/resume-info-extractor

Automated Resume Extraction: Extracts candidate data from PDF resumes using AWS Lambda, OpenAI, and MongoDB.

Primary LanguageTypeScript

Resume Info Extractor

Resume Info Extractor is a serverless application that automatically extracts information from PDF resumes uploaded to an Amazon S3 bucket. It utilizes AWS Lambda, OpenAI API, and MongoDB Atlas to process and store structured data from resumes.

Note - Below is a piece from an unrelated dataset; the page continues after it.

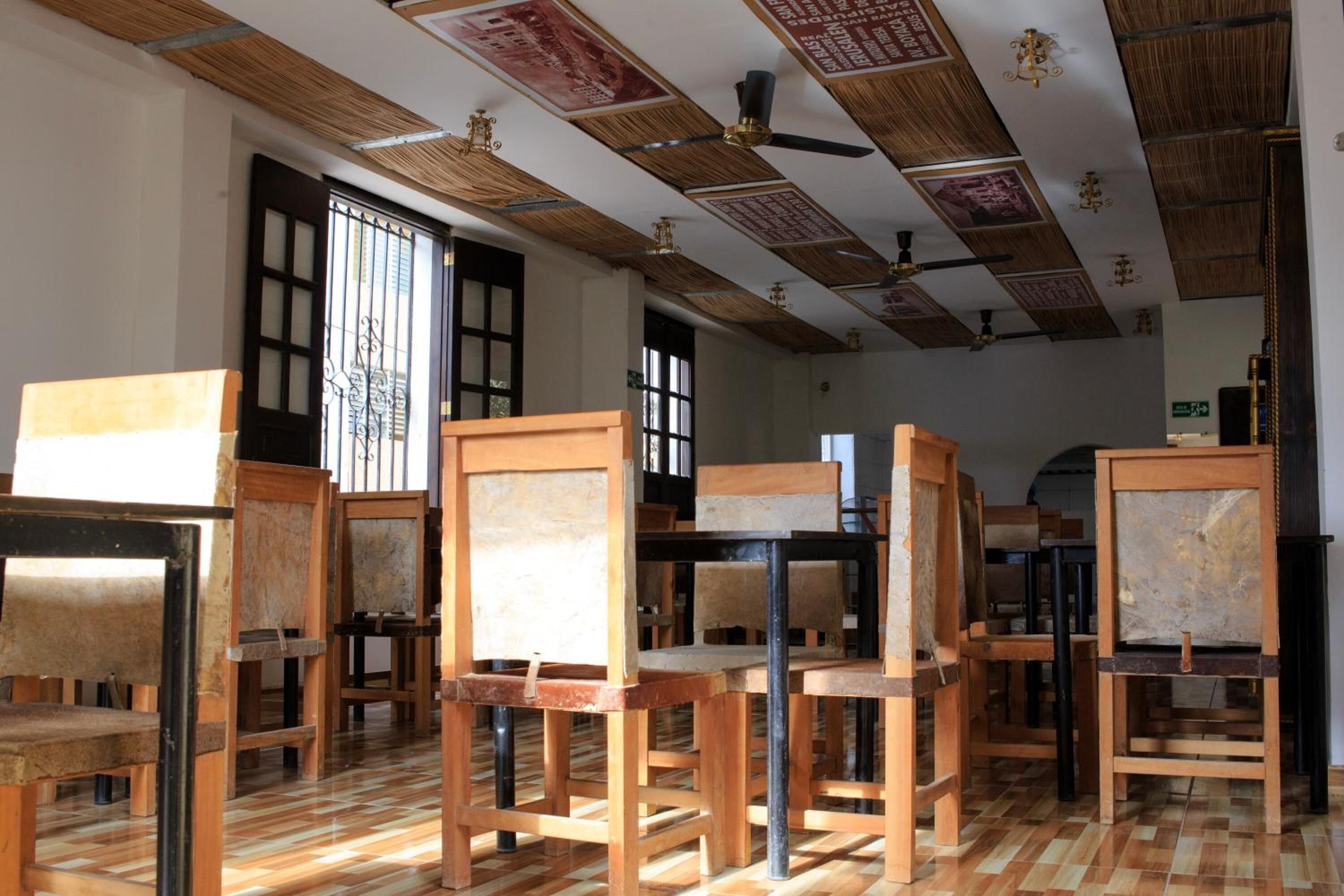 Foto - Ayenda 1305 Retro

The project is bootstrapped using AWS SAM CLI and includes a Lambda layer for pdf-dist node_module for handling PDF extraction.

Prerequisites

Before you begin, ensure you have the following:

  • AWS account with appropriate permissions.
  • SAM CLI installed locally: AWS SAM CLI Installation Guide
  • MongoDB Atlas cluster URL (MONGO_URI) for storing extracted data.
  • OpenAI API key for utilizing the OpenAI API (OPENAI_API_KEY).

Installation

  1. Clone the repository: git clone https://github.com/yaldram/resume-extractor.git cd resume-extractor
  2. Install dependencies and build the project using SAM CLI: sam build
  3. Deploy the application using SAM CLI: sam deploy --guided

Usage

  1. Upload PDF resumes to the designated S3 bucket.
  2. The uploaded resumes trigger the Lambda function, which utilizes the OpenAI API to extract structured data, including candidate name, experience, companies worked for, skillset, and languages.
  3. Extracted data is stored in MongoDB Atlas.

Environment Variables

Set the following environment variables in your AWS Lambda environment:

  • MONGO_URI: MongoDB Atlas cluster URL for storing extracted data.
  • OPENAI_API_KEY: OpenAI API key for accessing the OpenAI API.

Configuration Tips

Unique S3 Bucket Name

When deploying the application using SAM CLI (sam deploy --guided), make sure to provide a unique name for your S3 bucket. S3 bucket names must be globally unique across AWS accounts.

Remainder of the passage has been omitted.